The market for capital raising advisory is not well regulated, not well understood by most founders, and not short of people willing to take a retainer in exchange for introductions that may or may not lead anywhere. That is not a cynical observation — it is a practical one. The range of capability, integrity, and genuine market access among people who describe themselves as capital raising advisors is enormous, and the consequences of choosing badly fall entirely on the founder.
Having spent years on both sides of this equation — raising capital directly and advising founders on how to approach it — I have a clear view of what separates advisors worth engaging from those who are not. It comes down to a handful of questions. If you are considering engaging an advisor for a capital raise, these are the ones worth asking before you sign anything.
Have you raised capital for businesses like mine before?
This is the most important question, and the answer requires specificity. Not "have you raised capital" — but have you raised capital for businesses at your stage, in your sector, from the type of investors you need to reach. A track record in raising growth equity for technology businesses tells you very little about an advisor's ability to raise early-stage capital for an alternative asset operator. The skills and networks required are different.

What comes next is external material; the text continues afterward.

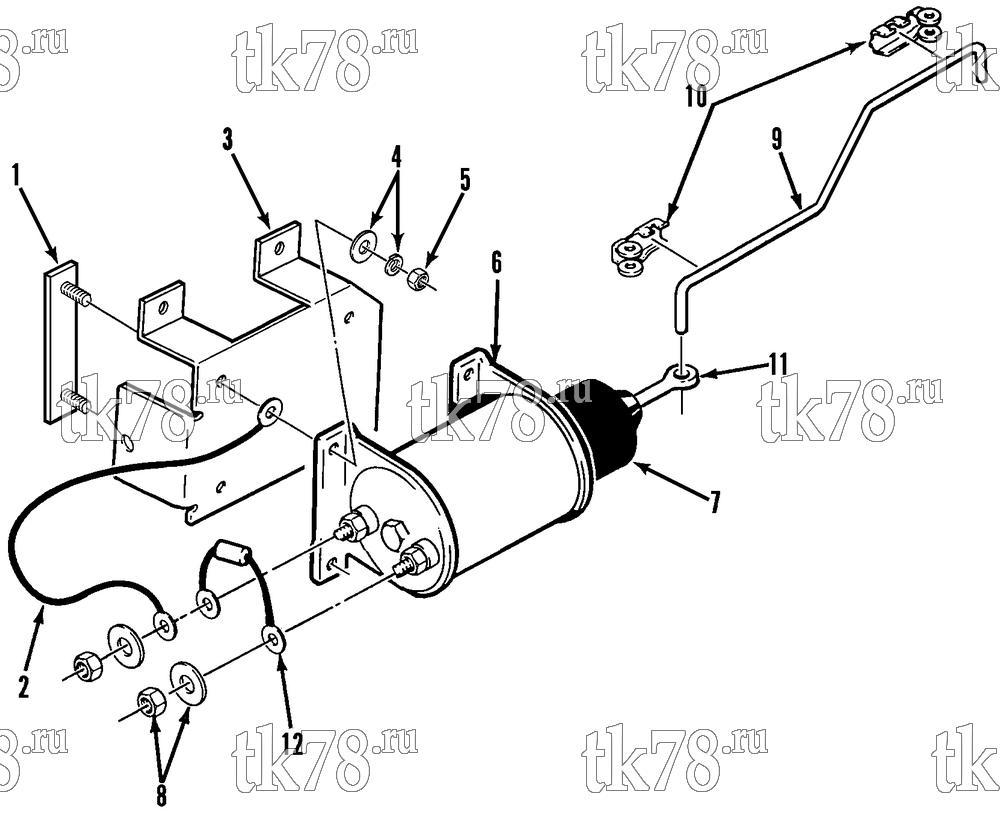 Каталог запчастей для Thermo King SMX-II 50 SR TCI THROTTLE SOLENOID GROUP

A credible advisor will be able to name deals — not necessarily publicly, but in a verifiable way. They will be able to describe the investor type, the deal structure, the approximate size, and the timeline. If the answer to this question is vague, or the examples are all from sectors and stages different from yours, treat that as meaningful information.
Who specifically will you introduce me to?
Many advisors sell access to a network. Far fewer can articulate that network with specificity. There is a significant difference between an advisor who says "I have strong relationships with family offices across Australia and Southeast Asia" and one who can name three specific allocators they have closed with in the past 18 months, describe their investment preferences, and explain why your business is likely to be relevant to them.
"Network is only valuable if it is current, specific, and reciprocal. An old contact list is not a network — it is a history."
Push for specificity here. You do not need names at the introductory conversation stage — but you do need evidence that the network is real, current, and relevant to your raise. If the advisor cannot or will not give you that evidence, the network may not be what it is presented as.
What does your fee structure look like — and what does it align you to?
Fee structures in capital raising advisory vary widely, and the structure matters as much as the amount. A large upfront retainer with a modest success fee creates different incentives than a modest retainer with a substantial success fee. The former incentivises the advisor to take on as many clients as possible; the latter incentivises them to close.
Geoffrey Woodcock's view is that the best advisory relationships have meaningful skin in the game on both sides. The founder should pay enough in retainer to signal seriousness and cover genuine advisory work. The advisor should have enough at stake in the success fee to be genuinely motivated to close. Structures that are all retainer and no success fee, or all success fee and no retainer, tend to create misaligned incentives in predictable ways.
Ask the advisor to walk you through how they are compensated, and then think carefully about what behaviour that compensation structure rewards.
What will you actually do — week to week?
This question surfaces a lot about how an advisor actually works. Good advisors have a clear, structured process — they can describe what the first 30 days look like, how they prepare materials, how they manage the pipeline, how they handle follow-up, and how they keep the founder informed. They think in process terms because they know that a raise without a managed process is a raise that depends on luck.
Advisors who are vague about their process — who describe their value in terms of relationships and judgment rather than activities and milestones — are often telling you, without meaning to, that the engagement will be reactive rather than proactive. That is a significant risk in a capital raise, where momentum is everything.
What are the most likely reasons this raise fails?
This is the question most founders don't think to ask, and it is the most revealing. A good advisor will answer it directly and specifically — they will identify the genuine risks in your business, your documentation, your market positioning, or your timing that could cause the raise to stall. They will have a view on how to mitigate those risks before the process begins.
An advisor who struggles with this question, or who reassures you that the raise is straightforward, is either not thinking carefully about your situation or is telling you what you want to hear. Neither is what you need from someone you are about to trust with one of the most consequential processes in your business's life.
The right advisor is not the one who makes the raise sound easy. It is the one who understands exactly why it is hard — and has a credible plan for doing it anyway.
This article is intended for general informational purposes only and does not constitute financial advice.